ドメインは、単に既存事業の領域を規定するものではなく、企業の成長の方向性を示唆するものが含まれていることが求められます。
ドメインを定義する考え方として、1980年にD・F・エイベルは、顧客層(市場)、顧客機能、技術の3つの次元で事業を定義することを提唱しました。顧客層(市場)は企業が価値を提供する対象、顧客機能は企業が提供する価値で満たすべき顧客のニーズ、技術は企業が価値を提供する手段を表します。
つまり、企業は対象とする顧客ニーズを満たすための提供価値(事業領域)を明確にし、その事業領域(ドメイン)で圧倒的な存在になるため、コア(中核)となる技術やノウハウを貪欲に追求することが重要なのです。
今世界は様々な社会課題を抱えており、人々の要求も日々進化、複雑化しています。このような先行きが不透明な時代こそ、あらゆる会社が自社のドメインを明確にし、専門性を極めることで顧客幸福を実現する経営が求められています。
▪成長企業のドメインをヒントにしよう
あなたの会社も今後の更なる成長を目指して、自社のドメインを見直して見てはいかがでしょうか。そのためには、成功している企業のドメインからヒントを探ることがおすすめです。
例えば米アップルのティム・クックCEOは、「人類へのアップル最大の貢献はヘルスケア」と訴えています。
2015年発売の腕時計型端末は心電図や血中酸素、睡眠などを見張り、問題があれば警告する端末に進化させています。
また昨年更新したスマートフォン用の基本ソフト(OS)には、個人データの追跡に本人の同意を求める機能を盛り込みました。プライバシー保護はデジタル時代の安心に欠かせないという考え方がベースにあります。
さらに噂どおりEVに参入するとしたら、安全で快適な移動手段としてアピールするのではないでしょうか。

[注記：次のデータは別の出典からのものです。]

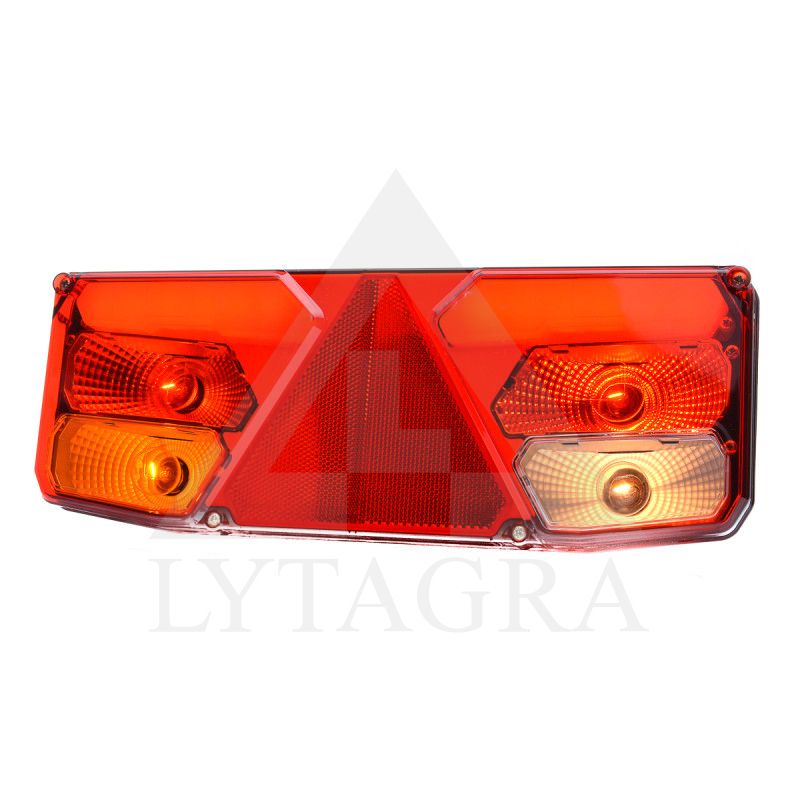 W137L ŽIBINTAS 1029 KAIRĖ GALINIS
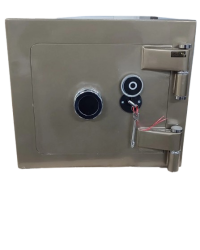 Ev Tipi Çelik Para Kasası - 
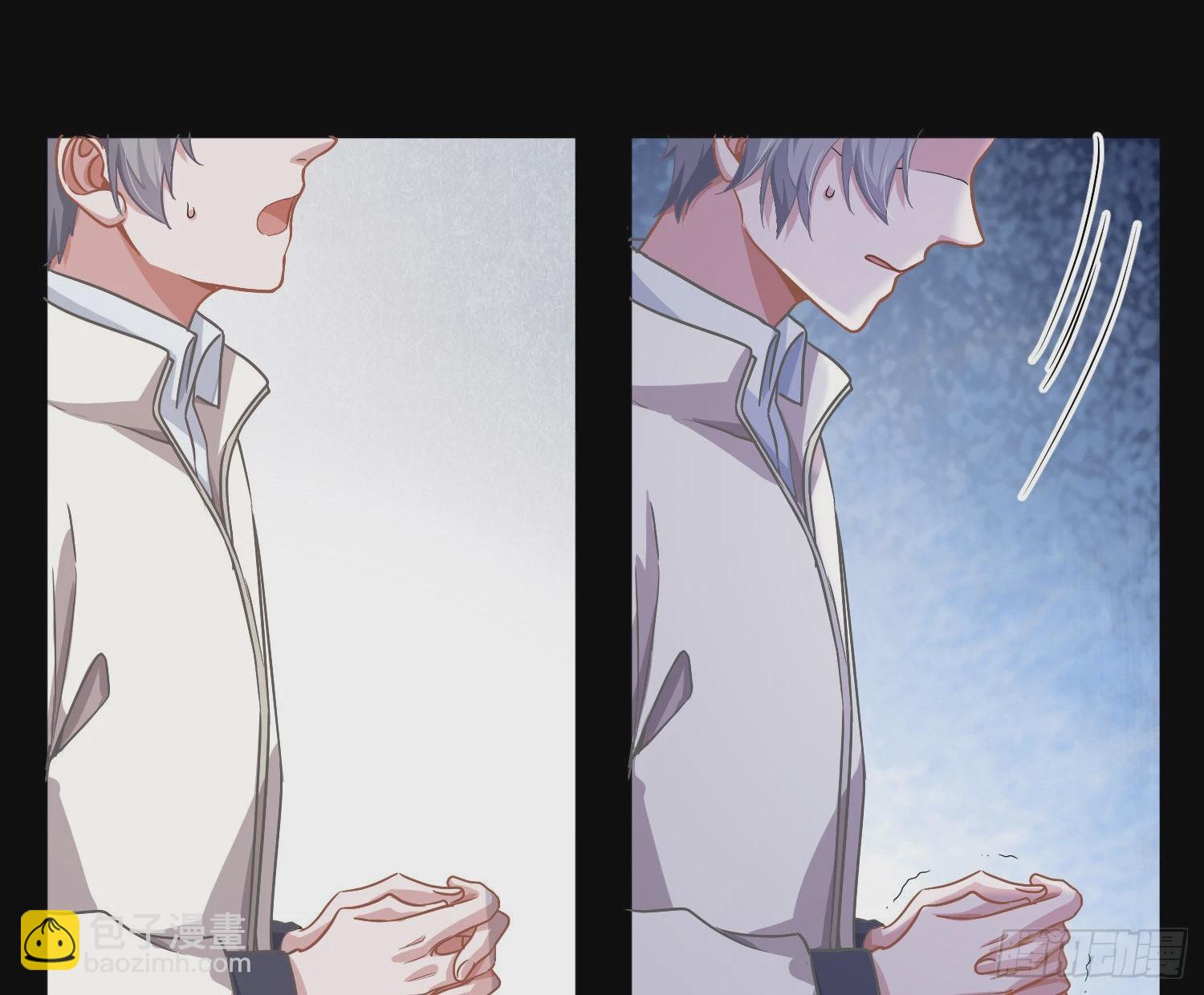 第22话：破碎的梦影(1/2)-第27话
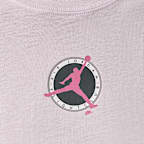 ジョーダン ブルックリン ウィメンズ グラフィック Tシャツ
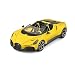 Produktbild Bburago - Bugatti W16 Mistral, Diecast Modell mit Motorhaube und zu öffnenden Türen, Realistische Innenausstattung, Offizielle Bugatti Lizenz, Empfohlenes Alter ab 3 Jahren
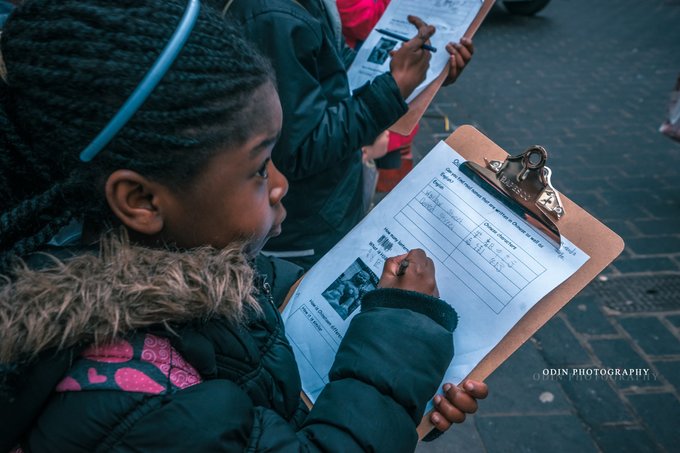 从现实穿越到异世界,穿越英国之旅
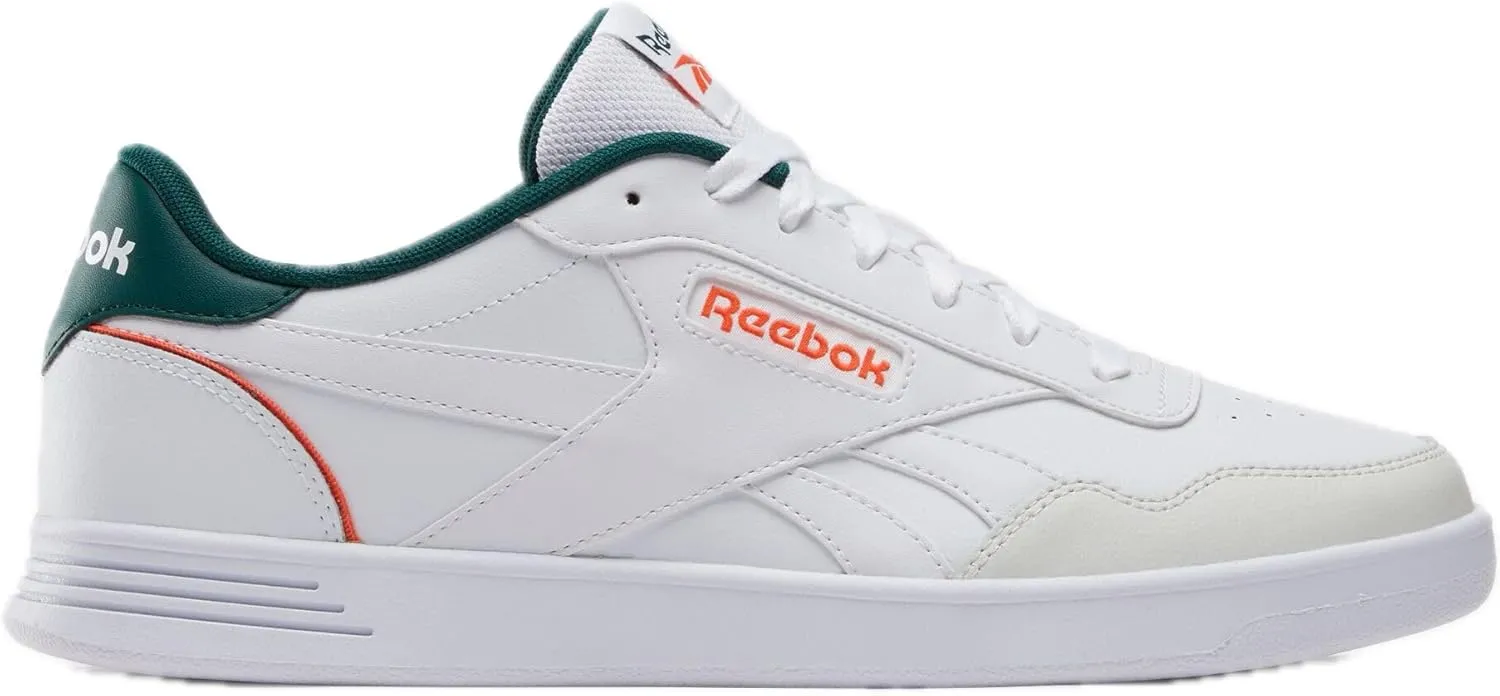Reebok Unisex-Adult Court Advance Sneaker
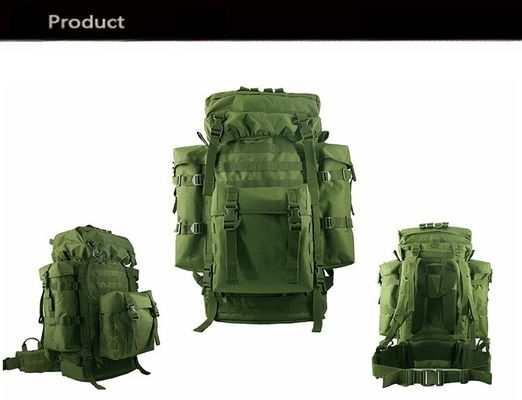 Запчасть с индивидуальным дизайном ЛАНДСКЕЙП типа 80L для спорта на открытом воздухе и кемпинга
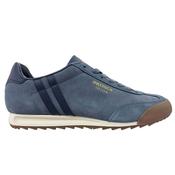 Mens Dijon Trainers - Blue/Navy - 7 image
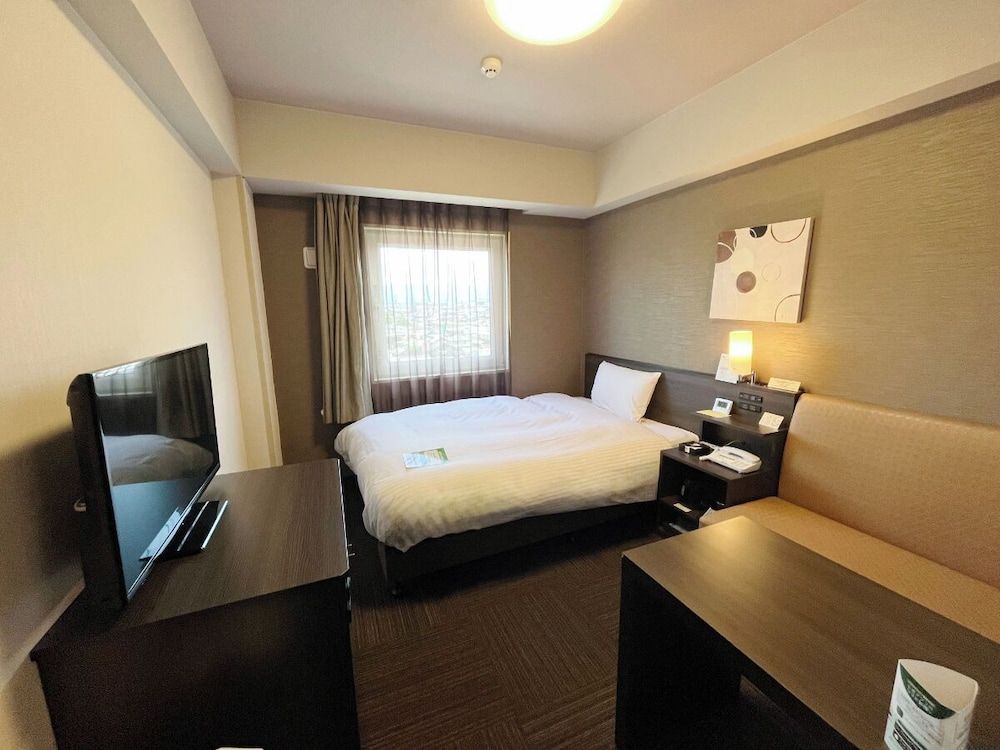 Comfort Single Room, Smoking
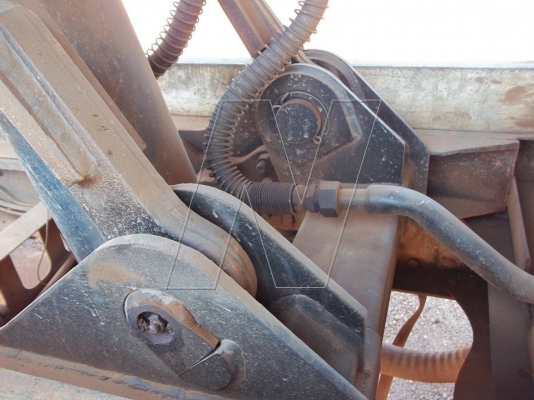 ขาย 6 ล้อ ฮีโน่ FC4J 140 แรง / กระบะดั๊มดินสวยๆ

このように見ていくと、アップルからは「健康・安心」というドメインが浮かび上がってきます。
つまりアップルは単なるIT企業を目指しているのではなく、「人々の健康や安心を提供する」という顧客中心の考え方がしっかりと築かれていることが分かります。
動画配信サイトのネットフリックスのドメインは動画エンターテインメント。視聴者の好みに合ったコンテンツ配信などのため、データ科学を駆使する手法は有名ですが、それだけではありません。
オリジナル作品を安定的に制作しようと、各国でスタジオを確保し、撮影網を広げています。日本では昨年4月、アニメ制作会社とともにアニメーターの育成にも乗り出しました。
また、コミュニケーションがドメインのメタ(旧フェイスブック)は、現実空間にデジタル映像を重ねて表示する拡張現実(AR)を次世代のコンピューター基盤と位置づけています。
そこで主役になるには創業時から得意としてきたソフト開発だけでは足りません。AR眼鏡のような端末を生み出さなければならず、違和感なく人とコンピューターがつながれるよう神経科学などの研究にも力を注ぐ必要があります。そのため、社名までも「メタ」の変更したのです。
電気自動車で躍進するテスラは地球環境を守るというドメインを深掘りしています。電気自動車(EV)にとどまらず、巨大な電池工場「ギガファクトリー」を建設・運営して、持続可能なエネルギー社会への移行に向けアクセルを踏み込み始めています。
このように見ていくと、アップルもネットフリックスもメタもテスラも、社会課題を解決し、人々が豊かで幸福に暮らせることの実現を事業ドメインにおいていることがわかります。
あなたの会社がこだわる専門性は何ですか。それを磨き、生かす手立ては十分ですか。ドメインを明確にして経営することは、あなたの会社の経営資源を最大限に生かすことにつながります。